ROADWAYS ACCORD AIMS TO RECONNECT SOUTH ASIA
Four South Asian nations are a week away from inking an inter-connectivity deal that could potentially change the region forever.
Bangladesh, Bhutan, India and Nepal, the BBIN countries, are scheduled to sign a motor vehicle agreement on June 15 at a high-level meeting that will bring the countries’ transport ministers together in Thimphu, the capital of Bhutan.
The agreement will allow personal, passenger and cargo vehicles to travel across borders to each of the other signatory countries without having to face the hassles of trans-shipment.
Transport Minister Obaidul Quader told the Dhaka Tribune: “The agreement will pave the way for a European Union-like road communication system among the four countries.”
Road Transport Division Secretary Chandan Kumar Dey said: “After signing the agreement, a committee will be formed to work out the details of how the new road connectivity will work.
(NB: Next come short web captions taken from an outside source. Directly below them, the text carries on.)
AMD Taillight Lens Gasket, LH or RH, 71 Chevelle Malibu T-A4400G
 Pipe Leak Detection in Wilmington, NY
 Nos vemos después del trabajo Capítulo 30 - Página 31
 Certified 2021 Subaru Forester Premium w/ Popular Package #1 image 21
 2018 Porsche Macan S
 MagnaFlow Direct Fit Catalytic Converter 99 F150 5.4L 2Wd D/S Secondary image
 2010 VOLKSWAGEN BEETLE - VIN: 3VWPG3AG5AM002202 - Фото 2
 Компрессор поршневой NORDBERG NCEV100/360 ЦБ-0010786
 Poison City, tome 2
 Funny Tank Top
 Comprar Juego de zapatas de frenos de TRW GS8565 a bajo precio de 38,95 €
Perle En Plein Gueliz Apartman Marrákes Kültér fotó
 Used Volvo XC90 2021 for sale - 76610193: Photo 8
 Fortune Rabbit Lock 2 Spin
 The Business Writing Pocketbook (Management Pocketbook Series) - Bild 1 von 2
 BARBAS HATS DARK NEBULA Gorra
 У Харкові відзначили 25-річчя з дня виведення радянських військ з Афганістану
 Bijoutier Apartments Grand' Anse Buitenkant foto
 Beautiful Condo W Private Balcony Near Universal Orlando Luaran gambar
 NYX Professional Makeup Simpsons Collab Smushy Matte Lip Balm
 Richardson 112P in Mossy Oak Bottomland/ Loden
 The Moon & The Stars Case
“When the details are finalised and agreed upon, a protocol will be signed. After that, travellers will be able to enjoy the new connectivity.”
Bangladeshis will be able to travel by road to India, Nepal or Bhutan in their own private car or aboard a passenger bus, if the agreement is finalised. Likewise, businesspeople will be able to carry goods across borders without trans-shipment arrangements.
Cabinet Secretary M Musharraf Hossain Bhuiyan told reporters after a cabinet meeting yesterday: “The deal will be signed at a minister-level meeting in Bhutan on June 15. The transport ministers of the four Saarc nations known as BBIN will attend the meeting in Thimphu.”
“The quadrangle comprised of the four countries had a similar mindset and so it was easy to strike the deal,” he added.
The Cabinet approved the draft agreement yesterday.
The four-nation agreement provides for other Saarc nations to join the framework at a later time, he added.
Chandan said: “A day before the ministerial meeting, the participating countries’ transport secretaries will finalise the draft agreement.”
According to the proposed route, a Bangladeshi traveller going to Nepal must leave the country at Banglabandha to arrive in India’s Phulbari, before heading for the India-Nepal border at Panitanki 31km across Indian territory. From there she can enter Nepal at Kakarvitta.
To travel to Bhutan from Bangladesh, the traveller first exits the country at Burimari to arrive in the Indian town of Changrabandha. Next comes a 91km highway trip through India. At the Indian border town of Jaigaon the traveller then crosses into the Bhutanese town of Phuentsholing.
Bangladeshi travellers will also be permitted to enter India at the Benapole-Petrapole border crossing.
“The draft route will be finalised at the secretary-level meeting,” Chandan added.
The cabinet secretary said: “According to the draft, the four countries will enjoy seamless transit of passenger, cargo and personal vehicles between the countries.
“However, taxes will be fixed separately by the authorities of the four countries and nobody will be allowed to carry products deemed contraband in the countries they are planning to visit.”
At present, Bangladesh and India have a bilateral arrangement on passenger movement but with the new agreement in effect, Bangladeshi trucks and private cars can go on to Nepal or Bhutan via India.
Nepal and Bhutan are just 100 kilometres from Bangladesh. The initiative is expected to have a positive impact on tourism and trade.
The sub-regional BBIN Motor Vehicles Agreement is similar to a Saarc-wide initiative that was never agreed upon because of Indian-Pakistani differences.
The Saarc effort had proposed that private cars, commercial buses, ambulances and cargo trucks be allowed to move freely across the region.
At last year’s Saarc summit in the Nepalese capital Kathmandu, India offered to sign the deal but Pakistan opposed it.
The four other mainland countries of South Asia decided to go ahead with a roadways deal without Pakistan.